(Exercise data)

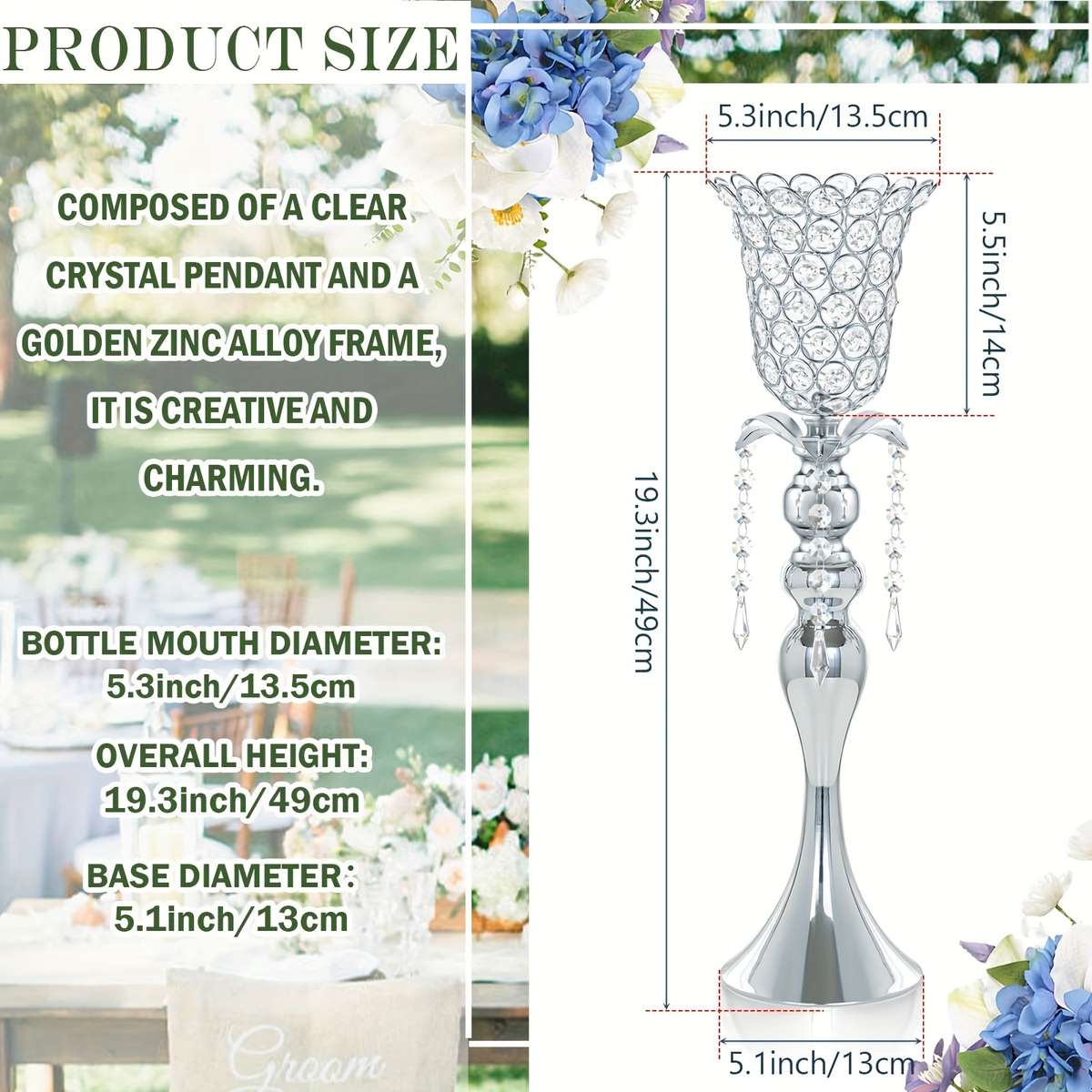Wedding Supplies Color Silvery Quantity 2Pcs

(End Exercise data)
(Exercise data)

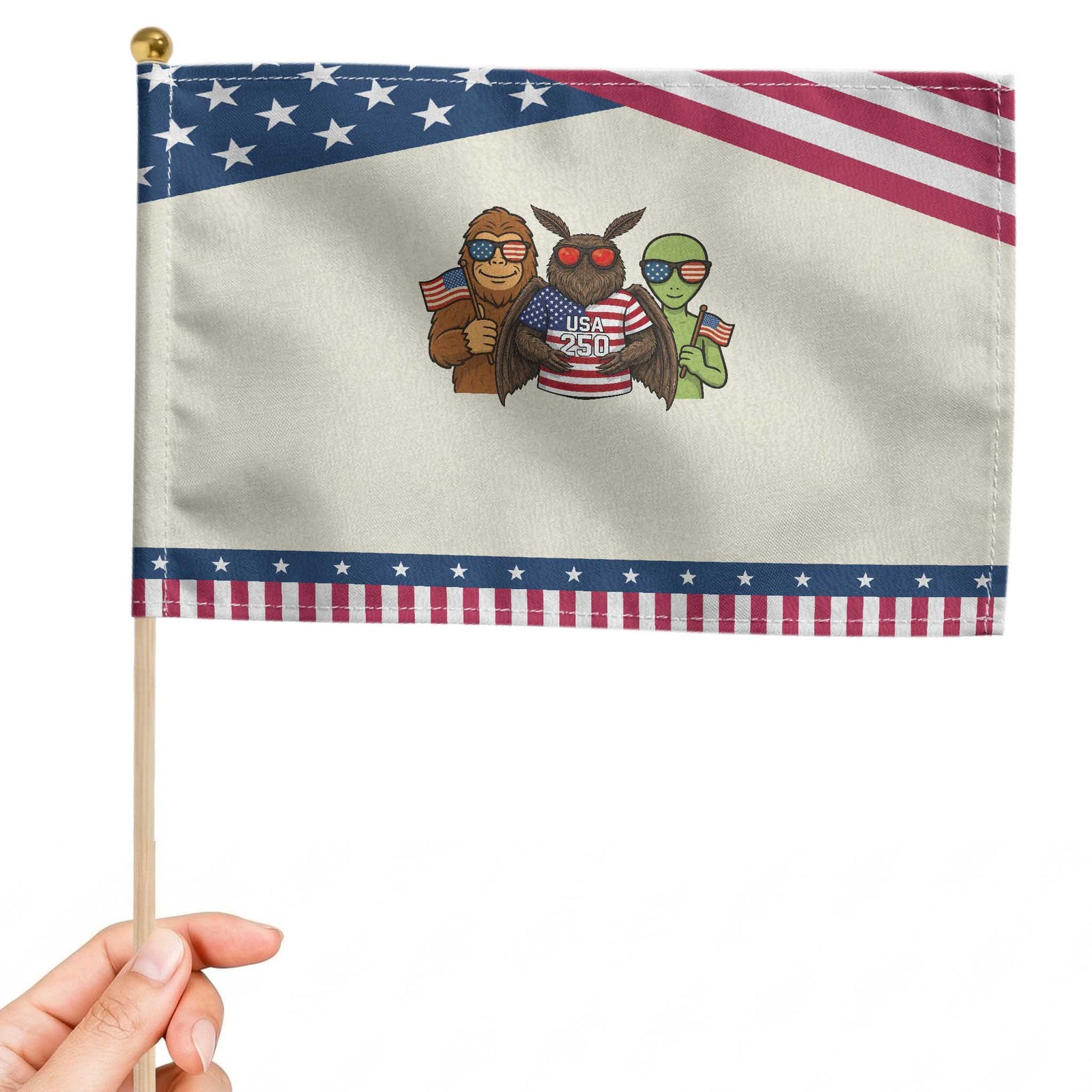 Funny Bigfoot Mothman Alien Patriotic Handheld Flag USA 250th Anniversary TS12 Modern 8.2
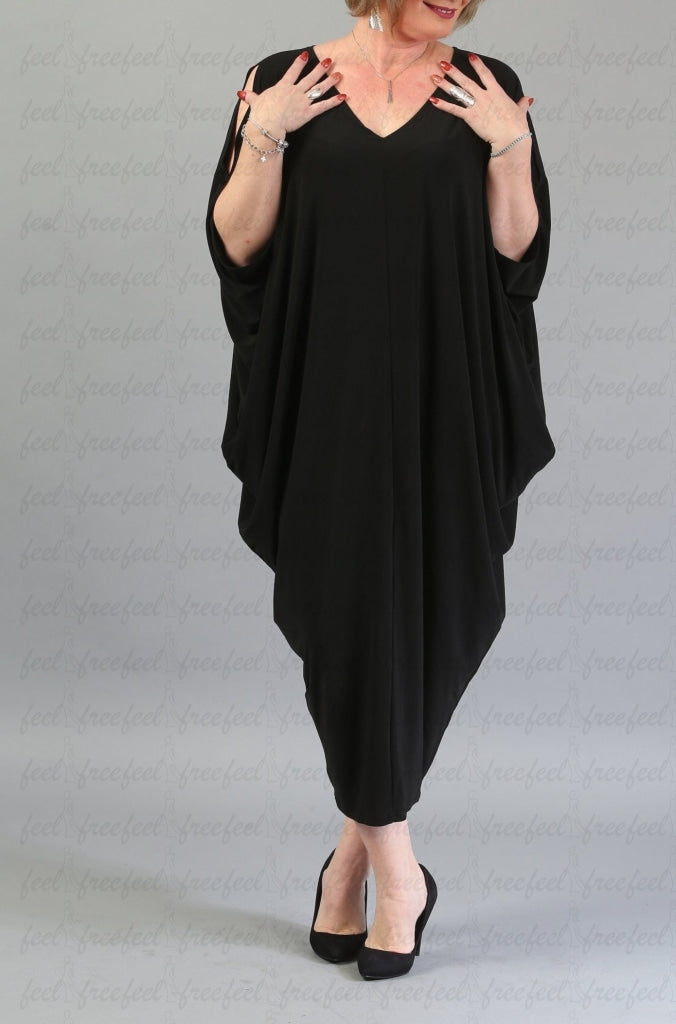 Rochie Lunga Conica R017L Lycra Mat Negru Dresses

(End Exercise data)
(Exercise data)

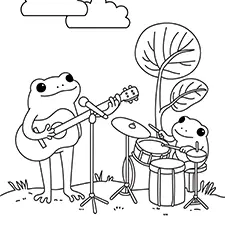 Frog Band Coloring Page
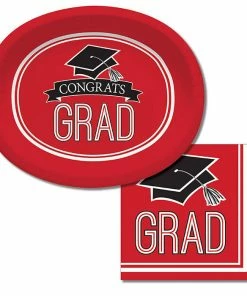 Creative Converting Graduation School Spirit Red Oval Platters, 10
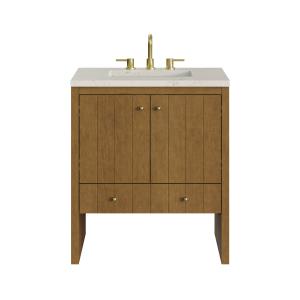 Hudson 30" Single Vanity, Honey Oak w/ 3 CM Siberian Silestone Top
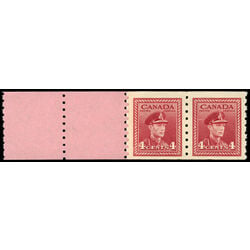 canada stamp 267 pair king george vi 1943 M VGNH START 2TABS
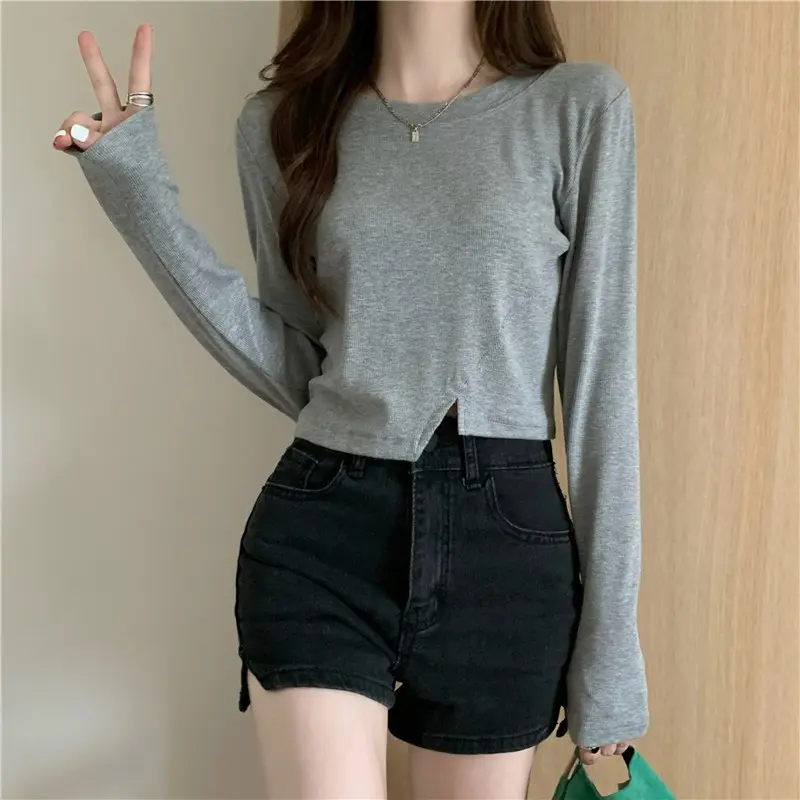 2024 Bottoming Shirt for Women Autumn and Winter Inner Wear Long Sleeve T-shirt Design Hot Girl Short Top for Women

(End Exercise data)

● **Problem**: Look above for the line containing "Funny Bigfoot Mothman", then copy exactly from it through the line containing "Rochie Lunga Conica", keeping both and leaving out pictures. Add nothing else.

● **Task solution**:
 Funny Bigfoot Mothman Alien Patriotic Handheld Flag USA 250th Anniversary TS12 Modern 8.2
 Rochie Lunga Conica R017L Lycra Mat Negru Dresses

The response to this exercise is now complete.